Photo by Michał Kubalczyk. https://unsplash.com/@rev3n

The Advantage of a great brand

This originally appeared in Juntos Magazine by the Tucson Hispanic Chamber.

Humans are emotional.

We rely on our instincts and feelings to navigate everyday life. One study suggests we make 35,000 choices in a day – of course our guts are making most of those decisions or we’d never make it to breakfast before it was time for bed again.

When it comes to where we choose to spend our money as consumers, the same holds true.

If it’s a larger purchase, we might do some comparison shopping, seek out a few options, maybe ask people we trust what they think and look up some reviews online. But even when we do that: humans are irrational.

We don’t typically make the best objective choice. It takes a lot of discipline to act against your gut and a lot of convincing to change how you feel. Plus, when it comes to making a purchase there isn’t usually an objective choice to begin with. It’s mostly just instinct.

This is where the power of a brand comes in. It’s a shortcut for your brain to make a quick assessment about an organization and its products and services. It’s the story they tell, the story others tell about them and the story you tell yourself.

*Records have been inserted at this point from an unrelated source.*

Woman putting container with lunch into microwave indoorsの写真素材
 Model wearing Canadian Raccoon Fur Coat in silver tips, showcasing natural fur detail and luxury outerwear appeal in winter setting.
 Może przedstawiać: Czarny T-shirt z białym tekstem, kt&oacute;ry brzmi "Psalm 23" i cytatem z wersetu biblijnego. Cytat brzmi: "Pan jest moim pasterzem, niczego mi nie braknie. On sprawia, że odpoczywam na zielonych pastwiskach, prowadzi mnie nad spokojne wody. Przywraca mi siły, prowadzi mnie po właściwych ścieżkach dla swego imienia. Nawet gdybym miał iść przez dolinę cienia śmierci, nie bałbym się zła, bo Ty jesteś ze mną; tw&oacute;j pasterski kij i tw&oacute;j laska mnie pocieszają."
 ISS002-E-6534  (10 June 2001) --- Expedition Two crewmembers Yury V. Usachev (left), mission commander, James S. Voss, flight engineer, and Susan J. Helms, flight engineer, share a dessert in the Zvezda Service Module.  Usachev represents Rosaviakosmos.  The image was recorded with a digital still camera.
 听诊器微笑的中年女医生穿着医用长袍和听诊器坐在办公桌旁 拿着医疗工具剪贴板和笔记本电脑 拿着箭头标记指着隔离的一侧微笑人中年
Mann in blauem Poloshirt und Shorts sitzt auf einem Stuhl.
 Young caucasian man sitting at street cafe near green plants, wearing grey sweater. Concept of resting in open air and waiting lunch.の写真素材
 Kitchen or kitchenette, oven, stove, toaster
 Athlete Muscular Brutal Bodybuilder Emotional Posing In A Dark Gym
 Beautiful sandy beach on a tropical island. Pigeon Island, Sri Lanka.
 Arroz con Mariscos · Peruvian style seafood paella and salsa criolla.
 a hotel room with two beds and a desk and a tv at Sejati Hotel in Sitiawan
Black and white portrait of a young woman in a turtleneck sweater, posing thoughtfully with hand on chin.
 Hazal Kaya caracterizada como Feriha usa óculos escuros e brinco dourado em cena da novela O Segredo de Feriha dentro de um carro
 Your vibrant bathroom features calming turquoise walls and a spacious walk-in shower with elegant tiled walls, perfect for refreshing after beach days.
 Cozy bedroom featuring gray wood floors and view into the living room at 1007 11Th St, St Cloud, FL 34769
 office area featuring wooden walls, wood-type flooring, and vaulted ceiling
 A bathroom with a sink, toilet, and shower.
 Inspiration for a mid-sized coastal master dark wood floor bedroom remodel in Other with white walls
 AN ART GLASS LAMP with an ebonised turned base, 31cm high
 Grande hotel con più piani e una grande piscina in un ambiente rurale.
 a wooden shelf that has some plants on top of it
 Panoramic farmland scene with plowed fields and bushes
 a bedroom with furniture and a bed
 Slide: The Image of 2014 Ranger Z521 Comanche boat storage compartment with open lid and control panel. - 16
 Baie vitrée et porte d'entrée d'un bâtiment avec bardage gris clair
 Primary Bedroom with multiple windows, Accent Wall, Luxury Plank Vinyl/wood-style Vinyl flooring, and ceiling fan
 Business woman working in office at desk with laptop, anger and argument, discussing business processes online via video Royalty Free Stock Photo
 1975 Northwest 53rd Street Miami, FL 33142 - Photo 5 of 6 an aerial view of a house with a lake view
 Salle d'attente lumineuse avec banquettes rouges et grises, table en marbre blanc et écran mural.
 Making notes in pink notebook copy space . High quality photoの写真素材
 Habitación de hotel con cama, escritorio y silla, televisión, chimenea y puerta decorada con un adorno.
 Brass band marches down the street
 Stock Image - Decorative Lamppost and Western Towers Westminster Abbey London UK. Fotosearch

If you are a business leader, you don’t fully control that story but you can influence it.

You are in charge of the “look” of the brand: the name and logo, colors, words, design elements. But the brand story is so much more than that; it’s told in every touchpoint with your audience including promotion and advertising, the way employees represent and interact with customers, the end-to-end buying experience, etc. Plus the brand does not exist independently from the products and services it offers. Everything from features and benefits to pricing approach to where you choose to physically locate all contribute to the story.

Great brands deeply understand the story they are trying to tell and are thoughtful and intentional about the choices they make and how they support the larger narrative. We call this a brand position: what space do I want to occupy in the hearts and minds of my audience?

This includes knowing how they want their customers to answer these four questions:

  1. What does it do for me?
  2. How would I describe it?
  3. How does it make me feel?
  4. How does it make me look?

Great brands are consistent. They align their story with their product and how it fits with the desires and opportunities within the market. They believe their story and make sure their employees believe it too. They speak in a consistent voice and never provide a customer experience that betrays that story.

Great brands know that their customers should be the heroes of their story. Ikea creates a better everyday life for the many. Nike provides inspiration and innovation for athletes. Apple designs products to help people “think different.” They can always answer the question: what’s in it for the customer?

In this era of extreme innovation, competition and noise in the market, distinctive and memorable brands have the ultimate competitive advantage. They break through the noise and stand out. They have a dedicated group of believers who are repeat customers and enthusiastic advocates among their friends and networks. They have an organization that employees believe in and competitors envy.

If you are the leader of an organization, whether 1 or 1,000 employees, B2C or B2B, for-profit or nonprofit – you are doing yourself a disservice if you aren’t investing in your brand.

Consider what your foundational brand story is, then think about how your marketing and customer experience helps tell it.

Don’t try to be something you aren’t. Lean into who you are.

And get creative. Knowing your brand story is just the start, getting people to connect with it is where the real work starts.

When your prospective customers go to make a choice it’s inevitable their choice will be significantly influenced by a gut feeling, shaped by the story you tell and the impression your brand leaves on them.

Don’t leave that impression up to chance.